This thread recalls a term I never learned the meaning.

"Stump jumping" - just what is involved in that? I think it means cutting down small trees without any finess, undercuts, etc. I have done that on really small stuff (ca 6") but only when there was enough lean to be sure where it was going. Kinda fun having the saw come free withe the tree cut clear through and not started falling yet. A bit on the stupid side though.

Harry K


----------



## TheTreeSpyder (Feb 21, 2007)

i think Barberchair happens when the push back of the forces in face meet the force of the tree pushing forward enough to override the constitution of the spar and give a 'split decision'/ compromise of the push forward/ versus the push backwards.

This tendency will then be dependant on a few variables; like the flexability/ stiffness(including dryness and temperature) of the wood, if the force is concentrated to a point or spread across the face, if there are cracks in the spar or other weaknesses, how hard the force is rushing forward etc. Without a face, what works well one day, at non-freezing temps, on uninspected wood(face allows inspection for dryness, cracks etc.), speed of back cut, species of wood etc.; may not work as well, or at all the next day/tree!

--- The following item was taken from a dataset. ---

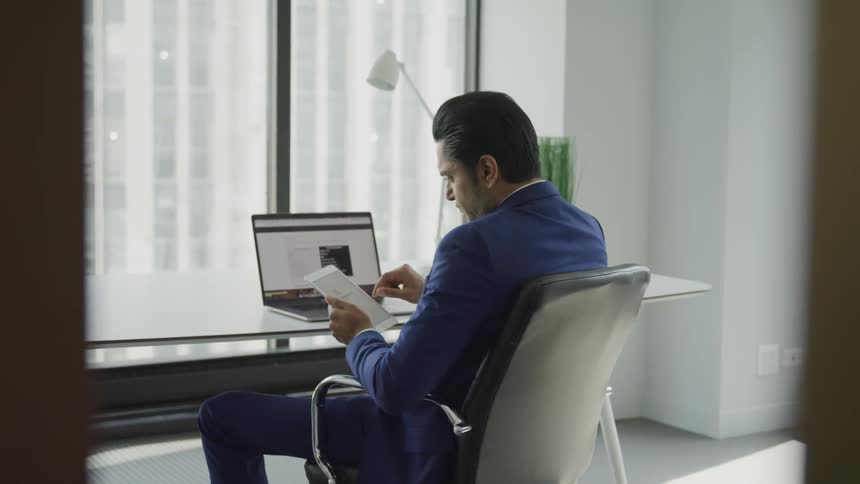 Businessman sitting at the glass desk uses tablet in the office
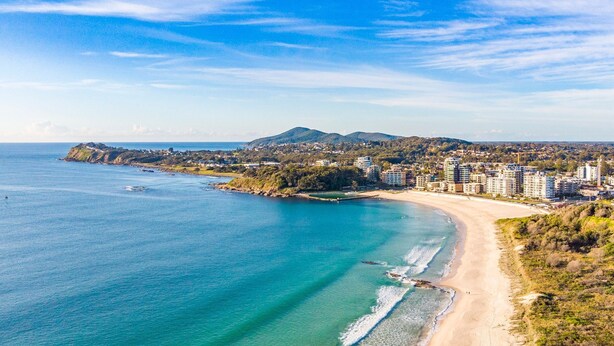 A coastal cityscape with a beach, buildings, and a mountain in the background. - Pacific Motel 08 - Free WiFi (Forster)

Another way to invite more of a BarberChair is to Dutch the horizontal cut across the full face; usually by sloppy cutting. But, this early close can give a jump; analogous to same in a horizontal limb to perform a 'snap cut' if we are talking in same terms. Differance is in a 'snap cut' the short limb is already committed to go away from you; in a jump or similair dutch the huge spar is not so committed and also teetering over you; and much larger in weight and leverage.

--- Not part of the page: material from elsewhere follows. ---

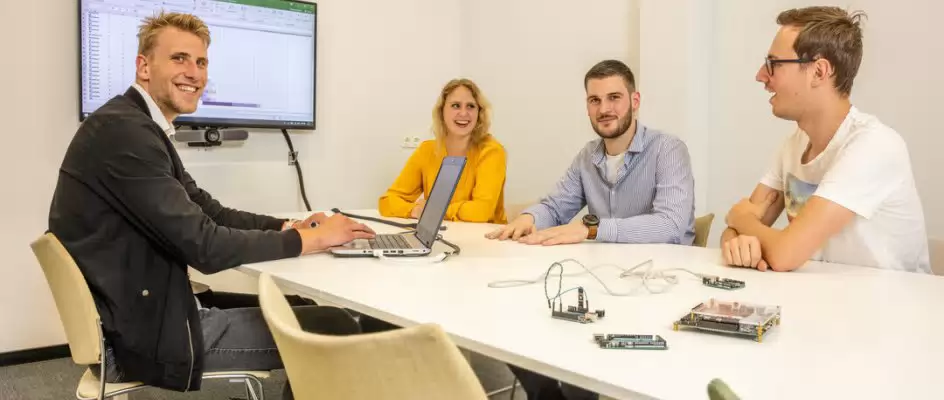 Professionally looking students in a meeting room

We can't say that these physics will never work in your favour; but we can say you are walking on much thinner ice; and inviting the numbers to catch up to you in these particular rolls of the die; so much as to become dicey.

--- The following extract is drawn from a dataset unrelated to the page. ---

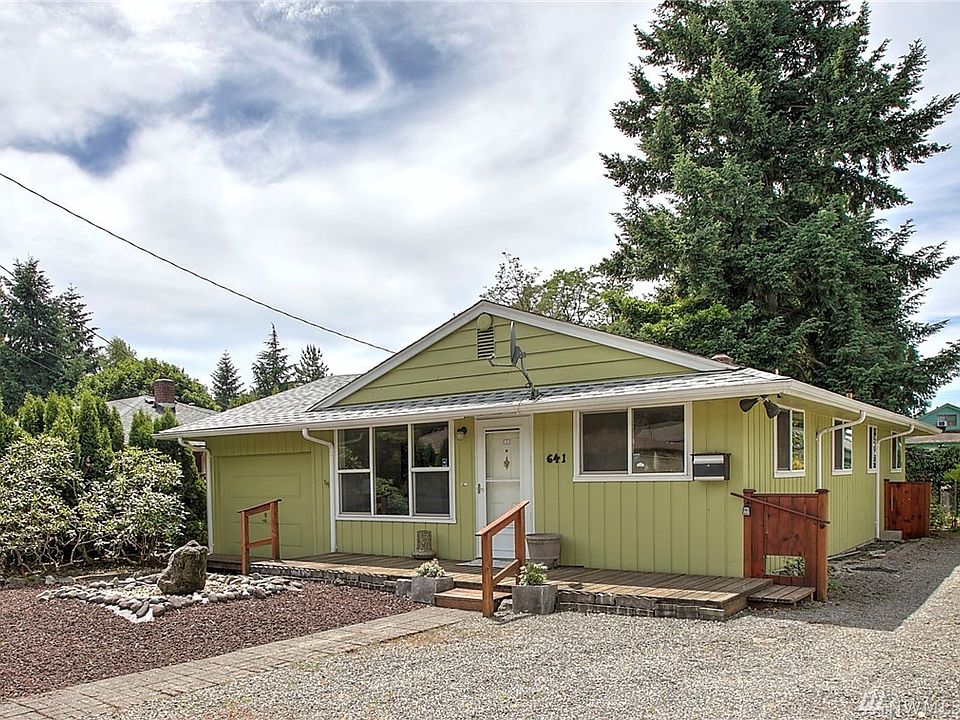 Welcome home to downtown Kent. This sweetheart rambler is located at the end of a quiet dead-end street and features 3 bedrooms, 1 bath, an updated kitchen and gorgeous landscape. A fountain and large deck in front provide charming curb appeal. Enter to the spacious living room with lovely picture window and peek-a-boo pass through to the kitchen. Gather in the updated kitchen with Corian counters, white appliances and high-end cabinet features. Extend your gatherings to the lush, expansive yard featuring a gorgeous wisteria arbor, patio, lovely perennial landscaping, a pond and more. The summer is just beginning to reveal all of its lovely surprises! You'll enjoy hardwood floors in the bedrooms and a large garage for additional storage.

Orrrrrrrrrr sumetin like dat!


----------



## ray benson (Feb 21, 2007)

turnkey4099 said:


> This thread recalls a term I never learned the meaning.
> 
> "Stump jumping" - just what is involved in that? I think it means cutting down small trees without any finess, undercuts, etc. I have done that on really small stuff (ca 6") but only when there was enough lean to be sure where it was going. Kinda fun having the saw come free withe the tree cut clear through and not started falling yet. A bit on the stupid side though.
> 
> Harry K



Hi Harry.
Gypo started a thread and posted some canadian stump jumping on pages 1 and 2.
http://www.arboristsite.com/showthread.php?t=14148&highlight=stump+jumping


----------



## moss (Feb 21, 2007)

Tree Spyder, you deserve the Aboristsite Oscar for that comprehensive chainsaw use tutorial, really nice job. Thanks for posting it.
-moss


----------



## turnkey4099 (Feb 22, 2007)

ray benson said:


> Hi Harry.
> Gypo started a thread and posted some canadian stump jumping on pages 1 and 2.
> http://www.arboristsite.com/showthread.php?t=14148&highlight=stump+jumping



Thanks. I shudda used the search function. I tried it on another subject the other day but it wasn't working.

Harry K


----------



## tek9tim (Feb 24, 2007)

Tree Spyder: 
Great post. Good description. 

_All_ mushrooms have an extensive underground body. The part that is above ground is merely the flower, if you will. The world's largest is on the Malheur National Forest in Oregon, and covers 2200 acres.


----------



## windthrown (Feb 24, 2007)

*Fungal mass...*



tek9tim said:


> Negative. Correct answer there would be mushrooms.



You mean fungal mass. Mushrooms are only the 'flowering', or fruiting tops. 

Also he said trees are born... odd thought that. I guess he was referring to ents.


----------



## windthrown (Feb 24, 2007)

*Face cut a notch in that tree!*

As others here have said, notch face cuts and then back cut with a hinge will give you far more control in dropping a tree. A Humbolt cut is fine. Anything bigger than 8 inches and I face cut a notch 1/3 the diameter of the tree, and then make a back cut one to two inches above the notch to make a hinge, and fell that sucker right where I want it most of the time. In leaner situations where the bar might get pinched or you need more control where it might get hung up or roll out, use a bore cut instead of a simple/single back cut and leave some hold wood on the opposite side of the notch. Then cut the hold wood when you are ready to drop her. Watch out for dutch cuts (overshoot of top or bottom face cut into the tree). They can cause problems. 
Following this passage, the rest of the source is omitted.